Miguel Angel Valdivia-Vera was an undocumented immigrant who was just 15 years old when him and his father walked from Veracruz, Mexico into the U.S. for a better life. However, his dad returned to Mexico shortly after, leaving Miguel to fend for himself in a new land.
Miguel obtained a forged green card, something many undocumented immigrants have done, to be able to get a job.
In 2007, Beth Nowak needed help on her farm and was looking to make a hire. Miguel showed Beth the forged green card. Beth thought it was real, and hired him at $12 an hour.
in 2010, Beth learned about the false green card, but her opinion of him didn’t change. She still believed he was the best worker she has ever had, so her and her husband agreed to help Miguel obtain a legal status.
At this time, Miguel fathered a child with his girlfriend. The relationship didn’t last, but Miguel still provided financial support to his son.
Soon after, he met his future wife Britney. Britney and Miguel had three children together – Miguel Jr., Enrique, and Rosalee – and moved into a rent-free home on Beth’s farm.
In 2014, Miguel began the process of obtaining a green card. He paid over $15,000 in filing and legal fees, but no green card was issued.
In 2016, Miguel was charged with driving under the influence. The court system fined him $100 and considered the case closed, but someone notified ICE about his status.
Soon after, ICE agents showed up at Miguel’s home. However, since the home was on Beth’s property and wasn’t charging him rent, the agents were turned away because they could not enter the property without her permission or a search warrant from the courts.

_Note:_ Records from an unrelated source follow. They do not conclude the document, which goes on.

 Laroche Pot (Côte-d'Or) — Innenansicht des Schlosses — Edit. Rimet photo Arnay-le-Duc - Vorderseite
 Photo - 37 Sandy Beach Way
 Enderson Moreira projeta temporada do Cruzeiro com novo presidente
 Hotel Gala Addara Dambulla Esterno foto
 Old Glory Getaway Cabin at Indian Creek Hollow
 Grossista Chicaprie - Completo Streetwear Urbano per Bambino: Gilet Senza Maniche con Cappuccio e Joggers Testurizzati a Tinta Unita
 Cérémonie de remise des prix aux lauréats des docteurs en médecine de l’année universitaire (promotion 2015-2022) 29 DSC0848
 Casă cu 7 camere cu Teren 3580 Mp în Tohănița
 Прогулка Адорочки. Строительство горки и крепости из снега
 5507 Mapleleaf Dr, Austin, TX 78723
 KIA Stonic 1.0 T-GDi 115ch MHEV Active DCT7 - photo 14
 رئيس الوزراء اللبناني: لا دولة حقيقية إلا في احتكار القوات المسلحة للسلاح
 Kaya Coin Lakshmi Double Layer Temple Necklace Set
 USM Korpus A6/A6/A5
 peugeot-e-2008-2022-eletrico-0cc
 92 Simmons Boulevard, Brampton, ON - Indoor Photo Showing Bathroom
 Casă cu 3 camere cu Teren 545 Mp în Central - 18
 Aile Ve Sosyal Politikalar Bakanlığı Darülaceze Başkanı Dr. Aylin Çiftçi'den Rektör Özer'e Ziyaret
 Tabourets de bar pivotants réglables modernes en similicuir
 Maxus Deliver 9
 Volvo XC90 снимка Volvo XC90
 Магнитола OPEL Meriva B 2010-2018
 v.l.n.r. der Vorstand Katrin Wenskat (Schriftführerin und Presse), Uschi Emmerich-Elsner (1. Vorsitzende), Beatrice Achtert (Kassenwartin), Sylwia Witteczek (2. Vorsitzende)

On the advice of an immigration attorney, Miguel turned himself in to federal agents. He was detained in the prison for 30 days.
After his release, Miguel returned to work for Beth on her farm. He was granted a Provisional Unlawful Presence Waiver, which allowed him to stay in the United States on the condition that he return to Mexico by January 10, 2019. Once he is in Mexico, he would be able to apply for a visa that would let him legally return to the U.S.
Miguel returned to Mexico with the intention to apply for a visa.
After waiting in Mexico for four months, his visa application was denied, citing that he would be a “public charge” and a financial drain for the United States. He has been stuck in Mexico ever since.
Since he has been gone, Beth has had to reduce her farms hours due to cutbacks from Miguel being gone.
Britney has had to rely on government benefits to buy necessities, since Miguel was the primary breadwinner before being forced to leave.
Seven year old Miguel Jr. used to earn straight A’s in school, but his grades have dropped to D’s and F’s after his dad was ordered to leave.
Five year old Enrique misses his dad so much that he tried to run away to Mexico to be with him again.
Rosalee is one month shy of her second birthday. She has no memory of her father, and she calls most adult men “dada”.
Miguel’s loved ones are heartbroken he is gone. Deportation doesn’t just affect the immigrant being deported, but businesses, children, and spouses as well.
Miguel is still stranded in Mexico, living with his parents and picking limes for $60 a week. He sees his wife and children through video chats, but have not physically been with them for over a year.
Miguel is now trying to get a waiver from the U.S. government that would allow him to return to his family. If he fails, he will be barred from entering the U.S. for another 10 years.